As a freelance illustrator, indecision regarding the subject of an artwork was rarely an issue because I’d grown accustomed to working on assignment where the parameters of a project were usually stated upfront by my client. Instinctively, I felt that I might not always be doing assignment work, but couldn’t know why. Perhaps health issues or other unforeseen events would determine that. It wasn’t until after the US economy tanked in 2008 that I was compelled to begin the next phase of my career.

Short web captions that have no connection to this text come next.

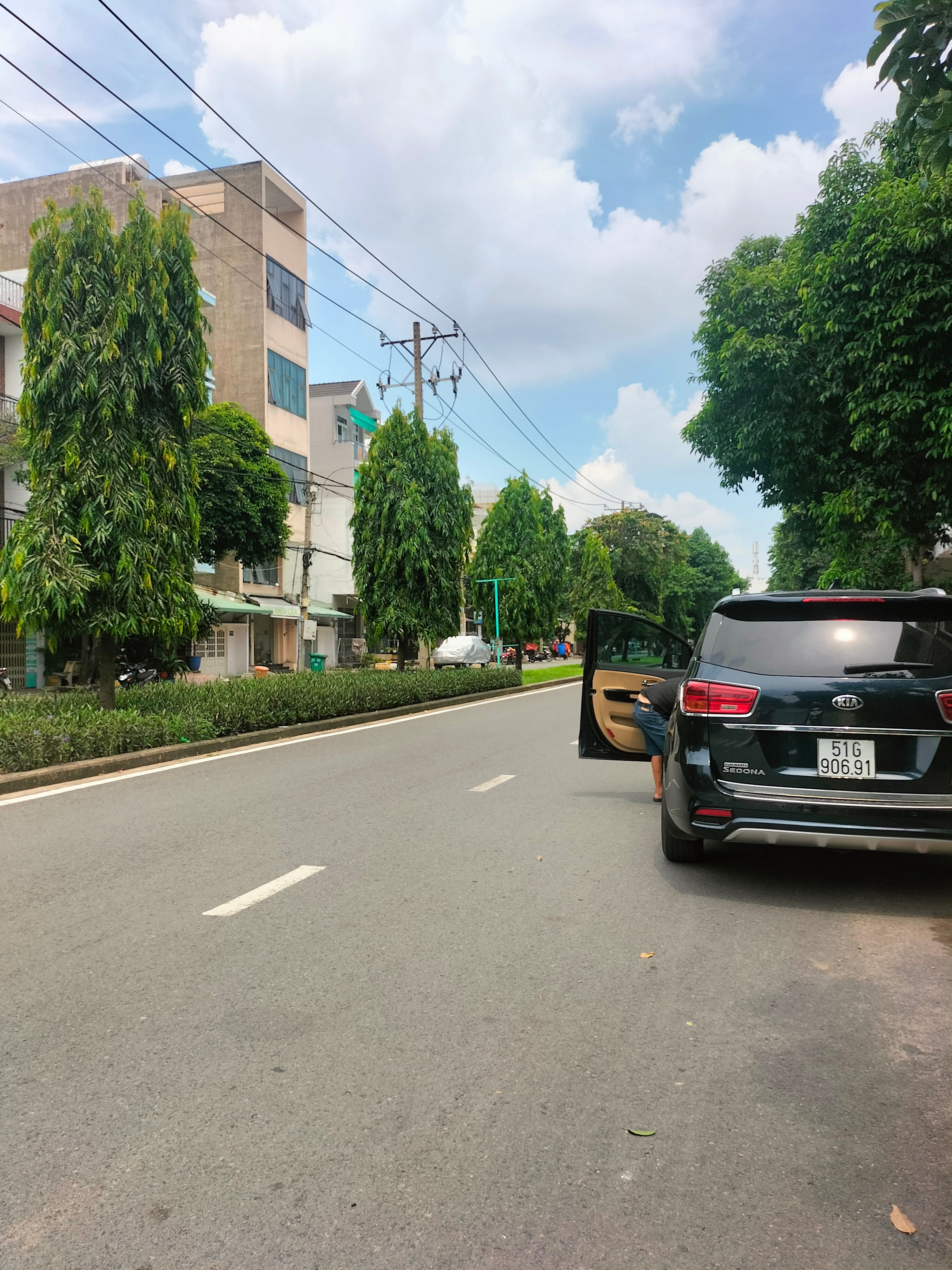 BÁN NHÀ 3TẦNG PHƯỜNG PHƯỚC BÌNH Q9 -HÀNG XÓM GLOBAL CITY - 95M2 NGANG 4M - SHR -NHỈNH 10TỶ TL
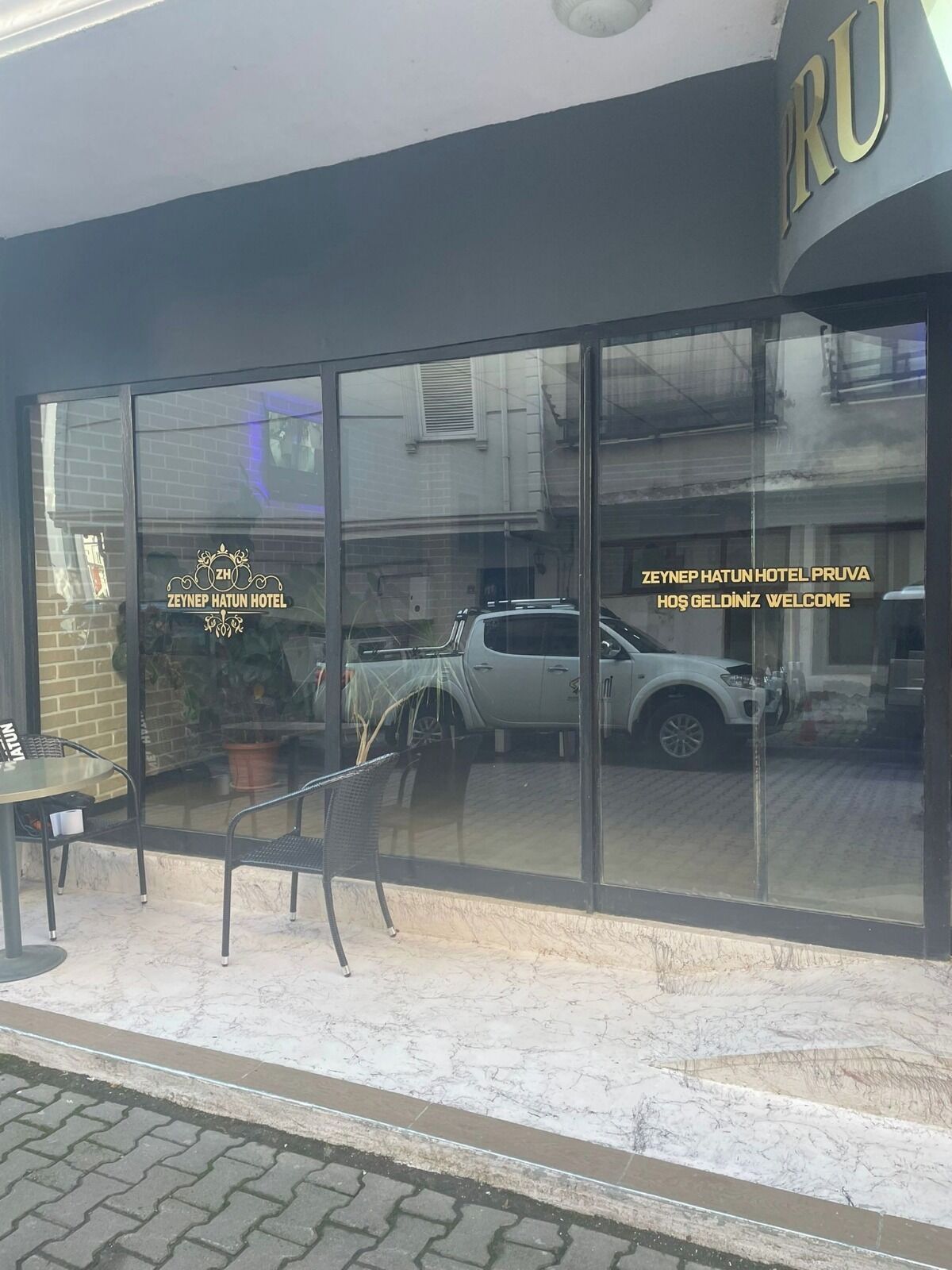 تفاصيل الفندق من الخارج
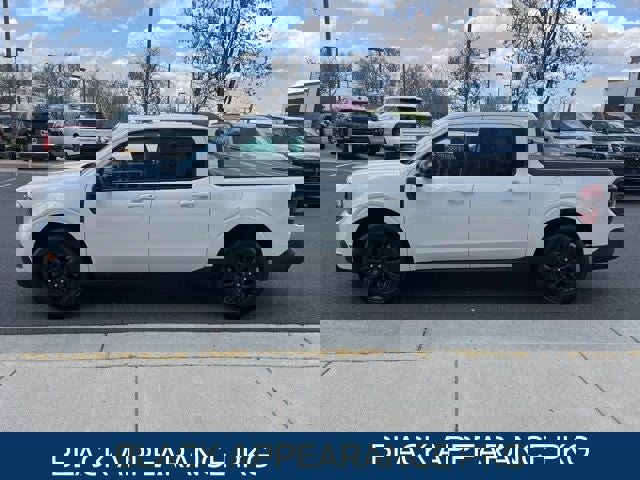 Certified 2024 Ford Maverick Lariat w/ Black Appearance Package image 4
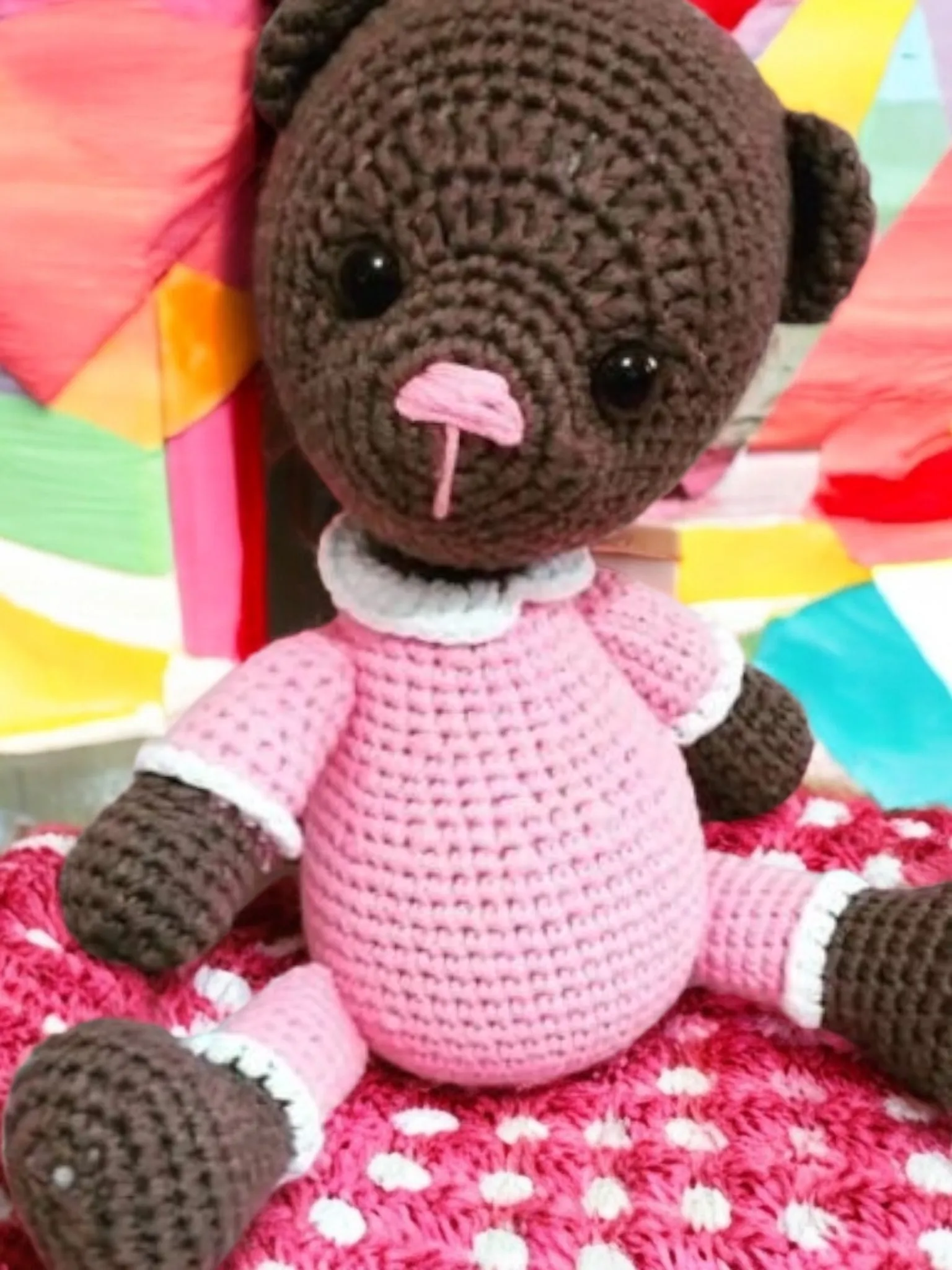 Pijamalı Amigurumi Ayıcık – Sevimli ve Güvenli Oyun Arkadaşı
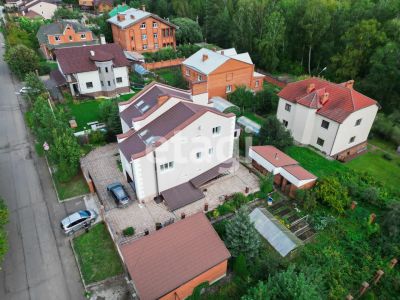 Лот: 25298829. Фото: 1. 5-комн. и более дом , Красноярск... Дома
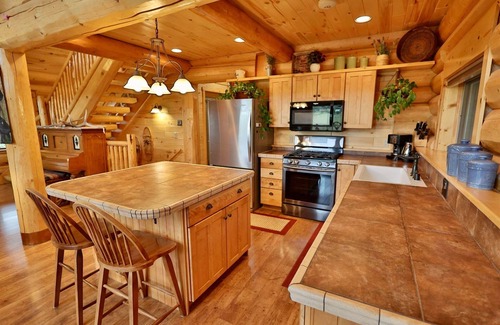 Paonia Cabina | Paonia Cabin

At that time, I’d been working on a long-term dream; a unique personal book project called Between Heaven & Earth: An Illuminated Torah Commentary. Following its well-received publication by Pomegranate in 2009, I was invited to offer many presentations and book signings. At these events, I was surprised to find enthusiastic demand for more of such projects (Books of Psalms, Prophets or a Passover haggadah, etc.), but I was also haunted by the frequent question: “So what will you do next?”  

For me, this query provoked some anxiety because after devoting five + years to Between Heaven & Earth, I was too physically and mentally exhausted to consider my next endeavor. Yet I had the feeling that my work in this genre wasn’t finished. I had casually entertained the idea of building a personal and professional legacy around books that would explore several Biblical tropes, but doing so seemed a daunting and distant goal since it wasn’t yet clear what that legacy should comprise or how it should be framed. I only knew that whatever I did would have to reconcile my own spirituality with my secular worldview. As I wondered whether an idea for a book, a series of drawings or a synthesis of both could teach me how to do this, I remembered an aphorism attributed to the Chinese philosopher Confucius that might yield a clue: “Study the past if you would define the future.”

So I decided to re-visit the notes and sketches in my collection of journals. These little books span decades, but for a strange reason, have gathered no dust. While regularly writing and drawing in new journals, I occasionally re-read old entries and add new insights to them, flattening time as I maintain a ‘dialogue’ with my younger self. This virtual orchard of back-burner ideas has often been amusing, thought provoking and full of choices for potential projects.

However, the process of choosing one among them was far from simple. It would be impossible to predict whether the idea I chose would become viable or have any market value without investing serious time, funds and effort. So at this stage, all I could rely on was my intuition.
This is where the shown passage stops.